This piece is taken from Classic Camera Magazine
number 22, and is provided to try to demonstrate the style of the magazine.
Note that the magazine article is illustrated, but in order to keep download
times to a minimum, I have omitted the illustrations from this version.
All back issues of Classic Camera Magazine are available;
see the main Classic Camera Magazine page for
The Pullin Optical Co. Ltd., of Phoenix Works, Great West Road, Brentford, were involved in the immediate post-war period with the development and production of a number of photographic and related products, which were unusual and often innovative in design, and manufactured to high standards of engineering and finish. Besides the rangefinder, the company made a neat little selenium exposure meter, professional-standard slide projectors and lenses and an excellent 35 mm. emlarger.
In the 1950s, even a modest amateur camera cost the equivalent of the average weekly income; the perceived desirable feature of a coupled rangefinder was completely out of the reach of the majority. The 'second-best' option was to acquire a separate rangefinder, and a large number of different makes and designs was available.
The Pullin instrument is of a unique design. Not only does it accurately measure distances between 2 feet and infinity, but in addition an ingenious system is provided to indicate the depth of field for lenses of two inch, three inch and four-and-a half- inch focal lengths. Whilst the Pullin rangefinder is comparatively large, when compared with most other designs of camera rangefinder (and quite unsuitable for 'on-camera' mounting), it is easy to read, and is of robust construction, capable of withstanding abnormal shocks without losing accuracy.
What is unusual about the Pullin rangefinder is the absence of silvered or semi-silvered mirrors. There is a tendency for these items to deteriorate with age, resulting in a loss of clarity and brightness when viewing. In the Pullin, two fixed prisms are used. These are held in position by spring-loaded mountings, which provide the resistance to shock damage. The adjustment for distance is provided by a movable wedge in the form of a pair of lenses mounted in front of the right-hand prism, and connected to the reading scale. It is claimed that this system gave four times greater accuracy than the conventional 'movving mirror' system used on most other rangefinders.
The actual view provides a combination of 'split-field' and 'coincident image' types. The field is divided into three horizontal zones, and the upper and lower zones give a 'split-field' view; the central zone overlaps the images, giving a 'coincident image'. The view is adjusted until the three images coincide, and the distance is then read from the scale.

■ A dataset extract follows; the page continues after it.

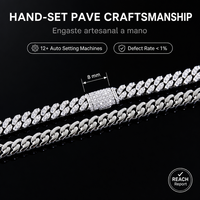 Collier chaîne cubaine de style moderne en laiton et zircon, longueurs personnalisées 8 mm, bijoux géométriques pour fêtes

Adjacent to the distance scale, is the depth of field scale (described in the instruction book incorrectly as 'depth of focus'). This follows the common pattern used around camera lenses, where a central position indicates the actual focus setting, and the depth of field scale shows the area of reasonably sharp focus at apertures from f/3.5 to f/16 on the scales for three inch and four-and-a half- inch lenses, or from f/3.5 to f/11 on the scale for two inch lenses.
The depth of field scales are selected by pulling out the spring-loaded milled knob adjacent to the viewing window, and turning it in either direction until the required scale comes into view.
The Pullin rangefinder is nicely finished in black, with a satin-chromed top plate. It originally arrived in a cardboard box with a comprehensive instruction and explanatory leaflet. The price in 1951 was £4 17s. 6d. and a leather case was offered at 5s. extra.